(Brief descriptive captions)
Content starts

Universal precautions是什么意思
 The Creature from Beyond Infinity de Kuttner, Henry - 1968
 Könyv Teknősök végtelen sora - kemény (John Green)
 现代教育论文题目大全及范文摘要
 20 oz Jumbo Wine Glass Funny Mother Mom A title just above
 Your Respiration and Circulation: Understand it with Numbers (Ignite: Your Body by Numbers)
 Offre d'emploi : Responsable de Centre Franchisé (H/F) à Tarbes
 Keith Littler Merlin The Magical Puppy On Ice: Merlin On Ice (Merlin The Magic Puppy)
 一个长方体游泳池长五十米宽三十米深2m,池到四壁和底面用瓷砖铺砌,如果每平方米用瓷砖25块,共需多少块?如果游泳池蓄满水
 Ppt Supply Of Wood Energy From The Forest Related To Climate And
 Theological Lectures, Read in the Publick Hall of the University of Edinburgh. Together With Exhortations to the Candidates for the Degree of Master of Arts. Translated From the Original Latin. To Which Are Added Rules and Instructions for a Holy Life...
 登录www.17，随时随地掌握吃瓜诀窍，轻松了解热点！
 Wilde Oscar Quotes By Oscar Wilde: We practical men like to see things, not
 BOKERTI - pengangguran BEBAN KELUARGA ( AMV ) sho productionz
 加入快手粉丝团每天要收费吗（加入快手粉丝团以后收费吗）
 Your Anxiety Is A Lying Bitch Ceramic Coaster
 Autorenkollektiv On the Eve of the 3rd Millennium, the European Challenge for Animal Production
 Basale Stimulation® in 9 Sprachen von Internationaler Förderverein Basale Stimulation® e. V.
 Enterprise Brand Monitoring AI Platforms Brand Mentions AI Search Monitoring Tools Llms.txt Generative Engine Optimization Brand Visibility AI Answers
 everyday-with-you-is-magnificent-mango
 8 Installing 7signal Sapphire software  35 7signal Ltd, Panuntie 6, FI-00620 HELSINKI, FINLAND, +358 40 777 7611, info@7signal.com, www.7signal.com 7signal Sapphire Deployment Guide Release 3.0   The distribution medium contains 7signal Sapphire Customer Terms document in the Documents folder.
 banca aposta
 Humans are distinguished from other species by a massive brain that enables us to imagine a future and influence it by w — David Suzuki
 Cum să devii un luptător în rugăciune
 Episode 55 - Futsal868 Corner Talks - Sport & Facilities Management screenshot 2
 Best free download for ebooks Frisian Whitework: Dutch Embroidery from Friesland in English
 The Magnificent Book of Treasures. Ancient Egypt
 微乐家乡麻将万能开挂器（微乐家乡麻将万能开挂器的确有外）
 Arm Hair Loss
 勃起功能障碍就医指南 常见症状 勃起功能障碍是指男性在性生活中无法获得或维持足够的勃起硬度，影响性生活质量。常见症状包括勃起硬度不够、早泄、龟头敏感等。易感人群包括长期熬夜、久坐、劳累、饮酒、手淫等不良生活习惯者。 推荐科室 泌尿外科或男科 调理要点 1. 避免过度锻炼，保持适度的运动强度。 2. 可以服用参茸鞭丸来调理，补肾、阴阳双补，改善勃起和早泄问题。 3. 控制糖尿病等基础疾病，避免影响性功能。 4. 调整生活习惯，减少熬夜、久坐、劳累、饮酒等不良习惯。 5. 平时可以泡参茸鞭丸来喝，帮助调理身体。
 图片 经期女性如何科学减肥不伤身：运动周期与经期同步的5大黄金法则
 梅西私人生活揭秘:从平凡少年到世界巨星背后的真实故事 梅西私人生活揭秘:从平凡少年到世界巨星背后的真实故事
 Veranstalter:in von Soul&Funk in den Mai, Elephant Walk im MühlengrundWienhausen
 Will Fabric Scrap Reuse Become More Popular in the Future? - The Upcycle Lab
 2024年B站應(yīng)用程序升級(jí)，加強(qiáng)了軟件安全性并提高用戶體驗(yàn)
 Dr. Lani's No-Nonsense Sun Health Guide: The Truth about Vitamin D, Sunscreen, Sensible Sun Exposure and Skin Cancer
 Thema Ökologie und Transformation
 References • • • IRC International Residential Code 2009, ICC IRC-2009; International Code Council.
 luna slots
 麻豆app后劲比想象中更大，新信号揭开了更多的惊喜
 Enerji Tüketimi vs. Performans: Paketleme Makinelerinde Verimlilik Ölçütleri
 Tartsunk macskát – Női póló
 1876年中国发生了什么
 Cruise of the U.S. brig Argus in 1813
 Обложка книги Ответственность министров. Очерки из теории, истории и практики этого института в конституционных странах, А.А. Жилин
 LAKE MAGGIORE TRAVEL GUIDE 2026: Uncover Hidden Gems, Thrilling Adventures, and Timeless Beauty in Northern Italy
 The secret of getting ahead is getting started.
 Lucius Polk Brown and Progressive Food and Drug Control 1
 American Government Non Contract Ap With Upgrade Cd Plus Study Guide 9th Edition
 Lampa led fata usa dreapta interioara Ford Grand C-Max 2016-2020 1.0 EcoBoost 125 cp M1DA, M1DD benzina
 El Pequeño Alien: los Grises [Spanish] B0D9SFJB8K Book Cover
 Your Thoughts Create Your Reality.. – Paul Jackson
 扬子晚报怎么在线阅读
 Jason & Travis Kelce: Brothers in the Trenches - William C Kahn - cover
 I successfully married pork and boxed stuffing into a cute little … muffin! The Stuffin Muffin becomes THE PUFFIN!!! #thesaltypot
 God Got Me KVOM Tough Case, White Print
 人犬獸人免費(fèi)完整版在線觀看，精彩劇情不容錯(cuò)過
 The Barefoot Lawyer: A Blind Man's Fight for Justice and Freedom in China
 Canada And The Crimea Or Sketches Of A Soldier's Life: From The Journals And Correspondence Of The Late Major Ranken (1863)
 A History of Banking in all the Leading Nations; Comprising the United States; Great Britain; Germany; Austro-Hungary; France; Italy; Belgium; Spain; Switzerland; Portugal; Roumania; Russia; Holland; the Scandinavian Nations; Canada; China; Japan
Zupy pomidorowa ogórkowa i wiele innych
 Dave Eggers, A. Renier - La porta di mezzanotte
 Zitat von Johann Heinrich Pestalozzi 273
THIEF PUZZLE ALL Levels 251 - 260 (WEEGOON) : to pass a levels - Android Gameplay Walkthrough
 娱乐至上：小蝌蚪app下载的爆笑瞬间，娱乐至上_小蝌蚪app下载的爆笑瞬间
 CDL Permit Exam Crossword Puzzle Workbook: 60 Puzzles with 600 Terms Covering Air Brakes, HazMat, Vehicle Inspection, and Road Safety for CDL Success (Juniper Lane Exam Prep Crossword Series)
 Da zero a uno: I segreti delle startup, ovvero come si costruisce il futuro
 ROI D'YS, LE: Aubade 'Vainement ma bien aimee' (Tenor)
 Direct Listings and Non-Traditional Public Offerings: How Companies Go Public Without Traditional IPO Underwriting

Content ends

Of the lines above, output exactly those from the line bearing "Episode 55 - Futsal868" through the line bearing "Arm Hair Loss", inclusive.

(Output of the exercise):
 Episode 55 - Futsal868 Corner Talks - Sport & Facilities Management screenshot 2
 Best free download for ebooks Frisian Whitework: Dutch Embroidery from Friesland in English
 The Magnificent Book of Treasures. Ancient Egypt
 微乐家乡麻将万能开挂器（微乐家乡麻将万能开挂器的确有外）
 Arm Hair Loss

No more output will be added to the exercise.